Despite the increasing awareness of penalties and the damage that losing personal data can do to corporate reputations, network security executives are getting less certain that they can figure out if personal data has been compromised when corporate laptops are lost or stolen.
When TheInfoPro asked the security professionals in the middle of last year, 40% said they could not determine if personally identifiable information (PII) was lost in cases of laptops gone missing. Six months later, the number who could not determine if it was compromised had risen to 59%.
Are these security executives reducing their protections? Aware of more threats to the data? It's difficult to say, says Bill Trussell, managing director of TheInfoPro.
He notes that respondents could say they were able to determine if PII was compromised only if they had full disk encryption on all laptops, and his research indicates that only about a third of those asked encrypt all laptop hard drives.
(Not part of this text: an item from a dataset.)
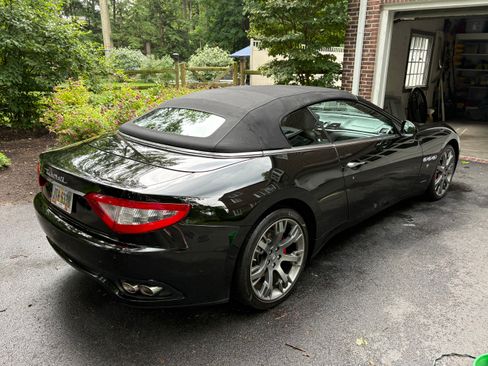 Used 2015 Maserati GranTurismo Convertible RWD image 2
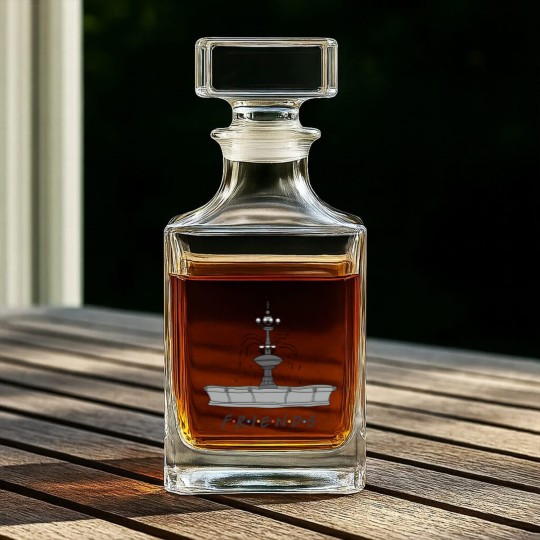 Discover Friends Fountain - Friends - Whiskey Decanters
Those may be the ones who say they can determine whether PII has been compromised.
The study says that is just about a third of respondents say they encrypt none of their laptops, and in conversations with some of them Trussell says some have started then halted programs to encrypt laptops. "They say they've run into more reasons not to roll it out completely," he says. These could improve laptop performance hampered by encryption and management burden of encryption add-ons separate from operating systems.
Some respondents may be waiting to upgrade to Windows 7 with its encryption capabilities, he says. Anticipation of the same feature in Windows Vista was strong until the operating system actually rolled out. "Until they found problems, they were pretty excited about it," he says.